Closed pir127 closed 4 years ago

pir127 commented 4 years ago

Hello,

I have a CNN with custom convolutional layers and the name of those layers are not instances of tensorflow.python.keras.layers.convolutional

Therefore, the function _find_penultimate_output always returns None and raises en Error. I had to comment out a few lines in _find_penultimate_output to be able to obtain a grad-CAM, those lines:

if layer is not None:
            layer = find_layer(model, lambda l: isinstance(l, Conv), offset=layer)

Not a clean solution but it can help if someone else has this issue, and would be great if you could release an official fix for custom convolutional layers.

And by the way, would also be more than great to have an option to return the non-interpolated grad-CAM as for custom convolutional layers the interpolation may be special.

Thanks so much !

keisen commented 4 years ago

Thank you for your error reporting! As you said, the problem should be fixed.

I believe that Gradcam#__call__ should be improved to have seek_penultimate_layer argument that is a flag. When seek_penultimate_layer is False, _find_penultimate_output would return the output that is indicated by penultimate_layer argument. That is, you won't need to comment out above codes.

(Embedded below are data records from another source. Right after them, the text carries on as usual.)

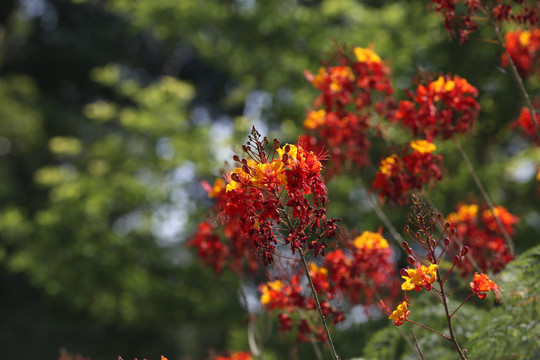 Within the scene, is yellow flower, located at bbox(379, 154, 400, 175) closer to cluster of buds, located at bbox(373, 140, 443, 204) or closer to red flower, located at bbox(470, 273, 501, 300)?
cluster of buds, located at bbox(373, 140, 443, 204)

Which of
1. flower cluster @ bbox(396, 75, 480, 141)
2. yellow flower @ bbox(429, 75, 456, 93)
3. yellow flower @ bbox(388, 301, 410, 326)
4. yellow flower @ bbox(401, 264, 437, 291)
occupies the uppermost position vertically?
yellow flower @ bbox(429, 75, 456, 93)

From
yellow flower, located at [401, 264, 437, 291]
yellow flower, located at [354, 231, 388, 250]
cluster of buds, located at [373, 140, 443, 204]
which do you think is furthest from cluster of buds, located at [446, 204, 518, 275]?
yellow flower, located at [401, 264, 437, 291]

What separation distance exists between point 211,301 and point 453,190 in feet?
12.0

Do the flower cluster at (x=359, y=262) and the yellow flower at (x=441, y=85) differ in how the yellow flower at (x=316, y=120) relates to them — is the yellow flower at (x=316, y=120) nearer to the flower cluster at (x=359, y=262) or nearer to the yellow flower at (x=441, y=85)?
the yellow flower at (x=441, y=85)

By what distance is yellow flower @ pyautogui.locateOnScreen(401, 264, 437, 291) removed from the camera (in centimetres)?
156

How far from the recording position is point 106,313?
8484 mm

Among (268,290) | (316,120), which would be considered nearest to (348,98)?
(316,120)

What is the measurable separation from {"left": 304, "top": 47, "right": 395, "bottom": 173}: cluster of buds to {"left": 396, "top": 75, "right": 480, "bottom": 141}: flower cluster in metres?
0.42

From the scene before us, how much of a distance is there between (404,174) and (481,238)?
2.85ft

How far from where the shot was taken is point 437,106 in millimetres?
2920

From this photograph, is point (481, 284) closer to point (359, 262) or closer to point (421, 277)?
point (421, 277)

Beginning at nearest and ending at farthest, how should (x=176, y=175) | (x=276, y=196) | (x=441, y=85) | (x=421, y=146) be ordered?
1. (x=276, y=196)
2. (x=421, y=146)
3. (x=441, y=85)
4. (x=176, y=175)

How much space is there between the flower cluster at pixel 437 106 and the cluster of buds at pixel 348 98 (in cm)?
42

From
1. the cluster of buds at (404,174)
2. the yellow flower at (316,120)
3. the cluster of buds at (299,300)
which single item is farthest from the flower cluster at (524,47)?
the cluster of buds at (299,300) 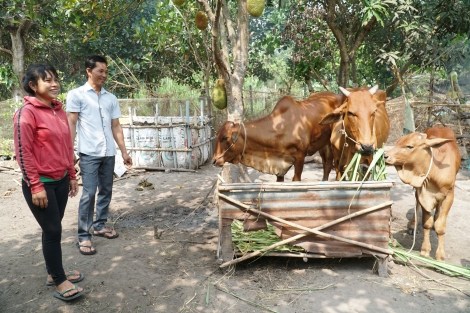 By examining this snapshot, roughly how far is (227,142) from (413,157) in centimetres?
200

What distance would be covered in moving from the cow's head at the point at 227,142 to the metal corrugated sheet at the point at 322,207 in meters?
0.94

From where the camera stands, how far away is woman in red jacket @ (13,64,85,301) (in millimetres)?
2658

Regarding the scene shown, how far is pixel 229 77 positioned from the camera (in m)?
4.10

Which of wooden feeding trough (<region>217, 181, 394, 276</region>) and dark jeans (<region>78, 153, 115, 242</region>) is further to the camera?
dark jeans (<region>78, 153, 115, 242</region>)

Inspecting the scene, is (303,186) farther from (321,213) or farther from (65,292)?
(65,292)

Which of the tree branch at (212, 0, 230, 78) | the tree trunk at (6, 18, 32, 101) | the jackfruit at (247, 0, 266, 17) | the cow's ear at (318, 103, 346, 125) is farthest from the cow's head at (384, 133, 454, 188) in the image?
the tree trunk at (6, 18, 32, 101)

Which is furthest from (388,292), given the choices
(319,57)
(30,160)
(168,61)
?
(168,61)

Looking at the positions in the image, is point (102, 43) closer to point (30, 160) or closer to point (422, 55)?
point (422, 55)

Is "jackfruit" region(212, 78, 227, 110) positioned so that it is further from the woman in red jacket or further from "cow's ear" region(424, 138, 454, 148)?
"cow's ear" region(424, 138, 454, 148)

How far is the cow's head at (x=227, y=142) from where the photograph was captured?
13.7 feet

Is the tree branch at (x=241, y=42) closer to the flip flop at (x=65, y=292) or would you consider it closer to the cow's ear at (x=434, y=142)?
the cow's ear at (x=434, y=142)

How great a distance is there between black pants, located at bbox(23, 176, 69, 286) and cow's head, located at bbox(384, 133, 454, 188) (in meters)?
3.10

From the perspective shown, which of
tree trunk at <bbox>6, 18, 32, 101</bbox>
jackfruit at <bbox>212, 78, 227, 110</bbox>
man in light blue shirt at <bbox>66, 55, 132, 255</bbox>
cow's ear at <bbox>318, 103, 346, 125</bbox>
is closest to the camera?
man in light blue shirt at <bbox>66, 55, 132, 255</bbox>

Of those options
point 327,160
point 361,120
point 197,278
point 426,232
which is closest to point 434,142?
point 361,120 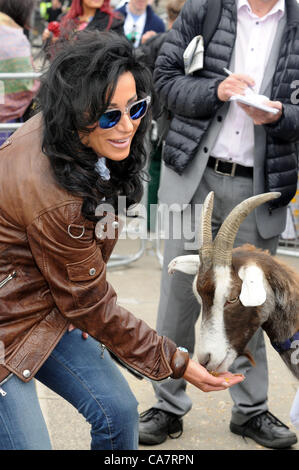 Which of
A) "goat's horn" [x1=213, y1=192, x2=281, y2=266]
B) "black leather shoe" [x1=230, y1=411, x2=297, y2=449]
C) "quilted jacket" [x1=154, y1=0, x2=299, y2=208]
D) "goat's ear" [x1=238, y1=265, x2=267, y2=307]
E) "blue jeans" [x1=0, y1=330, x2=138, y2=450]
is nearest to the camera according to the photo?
"blue jeans" [x1=0, y1=330, x2=138, y2=450]

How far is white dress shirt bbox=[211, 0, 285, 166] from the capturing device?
3.53m

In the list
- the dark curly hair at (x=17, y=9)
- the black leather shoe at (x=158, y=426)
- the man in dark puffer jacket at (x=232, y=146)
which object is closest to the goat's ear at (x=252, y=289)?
the man in dark puffer jacket at (x=232, y=146)

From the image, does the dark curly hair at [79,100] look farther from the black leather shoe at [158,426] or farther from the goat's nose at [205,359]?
the black leather shoe at [158,426]

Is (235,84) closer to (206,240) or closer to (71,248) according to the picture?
(206,240)

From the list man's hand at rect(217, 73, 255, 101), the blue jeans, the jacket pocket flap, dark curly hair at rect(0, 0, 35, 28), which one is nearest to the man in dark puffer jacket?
man's hand at rect(217, 73, 255, 101)

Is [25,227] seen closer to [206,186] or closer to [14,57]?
[206,186]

class Gradcam(ModelVisualization):
    def __call__(self,
                 loss,
                 seed_input,
                 penultimate_layer=-1,
                 seek_penultimate_layer=True,
                 activation_modifier=lambda cam: K.relu(cam),
                 normalize_gradient=True):

What do you think about this plan?

keisen commented 4 years ago

would also be more than great to have an option to return the non-interpolated grad-CAM as for custom convolutional layers the interpolation may be special.

I couldn't understand the non-interpolated grad-CAM . Could you be more specific?

Thanks!

pir127 commented 4 years ago

Hi Keisen,

I just meant that it could be useful in some very specific cases to return the grad-CAM vectors before they undergo the interpolation step (Line 68 of gradcam.py).

Thanks for the fix, and thanks so much for sharing this code.

keisen commented 4 years ago

I got it. I'll solve it that was opened issues/#8.